The armies selected provided an interesting mix. I believe five of the ten armies have not previously been used in DBA competitions by their owners, suggesting players are experimenting. Of the armies in use several had a solid corps of hoplites. A far cry from the days of DBA 2.2 when hoplites were infrequently seen. The Thebans with their two stands of 8Sp were unnerving to a number of opponents. One player reported facing a combination of combat factors and die roll that amounted to a 13. Not dissimilar to pikes, but without a sacrifice in frontage.
Two Roman armies were in play, the Polybian army above, and the later Marian Romans. Below, the Marian Roman right flank is soon to be under sustained attack by his opponent who has refused his own right.
The Successors were perhaps under represented with only the Seleucids in play. Interestingly the Seleucids were only one of two armies with elephants. Usually their a Classical Indian army in play but it’s normal commander seems to have ventured west and adopted a more classical army. The only other army having elephants one the day was one of the two Carthaginian armies. However, that with the dreaded pachyderms came in at a lower position than that without them.
Several armies were defined as being littoral and I understand a number of littoral landings took place, with sometimes mixed results. Greater than half the armies in play had a high aggression, that is an aggression of 3 or 4.

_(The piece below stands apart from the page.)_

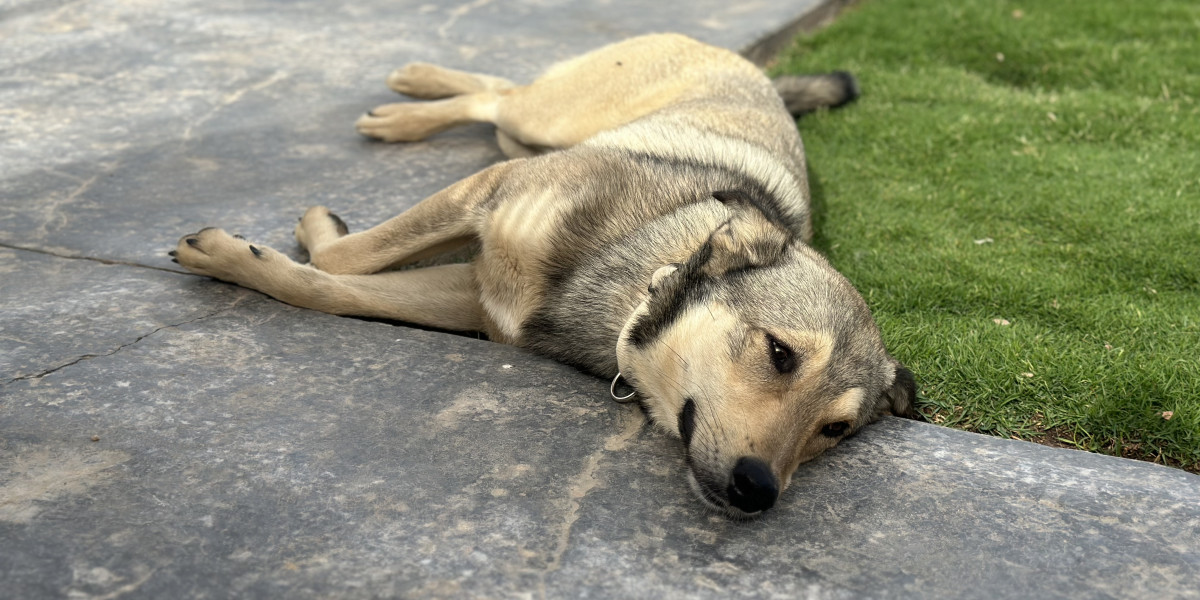 Глава Оренбуржья Денис Паслер назвал недостаточным закон об отлове собак после гибели ребенка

There were a few tactical discussions during and after the games. The Gallic player was able to boast of some success with his warbands. He opted for a foot heavy army, fielding only two mounted elements, which can be seen above. He also decided his commander would fight on foot in the front ranks. Apparently the Gallic host broke through several enemy formations of heavy foot, including a pike phalanx.
Above, Gallic Gaesati, mercenary Gauls and rated as 3Wb, advance from the woods in one game. They were pinned and engaged for some time against Carthaginian light troops in this game.
Above and below Polybian Romans face Thebans. Two stands of 8Sp can be seen in the centre of the Theban line, while Roman triarii can be seen forming a reserve behind Roman hastati and principes.
After five rounds the results were as follows:
- Gordon, II/19a Seleucid 320-280 BC, 46 pts (Countback)
- Keith, II/32a Later Carthaginian 275-202 BC, 46 pts
- Brian, I/50 Lydian 687-540 BC with I/52g Asiatic Greek Hoplite Allies, 43 pts
- Nathan, II/49 Marian Roman 105-25 BC, 29 pts
- Ben, II/11Gallic 400-225 BC (Telamon), 25 pts
- Mike, II/5k Spartan Overseas Expedition Agesilaus 396-394 BC, 25 pts
- Gus, II/5c Theban 448-278 BC, 24 pts
- Andrew, I/42 Neo Elamite 800-639 BC with I/44a Neo Babylonian Ally, 22 pts
- John, II/33 Polybian Roman 275-105 BC, 16 pts
- Jim, II/32a Later Carthaginian 275-202 BC, 15 pts
The winner of the DBA Open Ancient Tournament, Gordon, also received “The Phil Barker Cup” for his achievements. Well done on all counts.
The Society of Ancients supported the event by providing a DBA 3.0 measuring template. This was awarded to Nathan for achieving the highest score of the four players who have not previously played at the DBA Open. A particularly good result as Nathan had only recently completed his Marian Roman army.
Hopefully we will see you at Conquest, the next DBA event in Christchurch.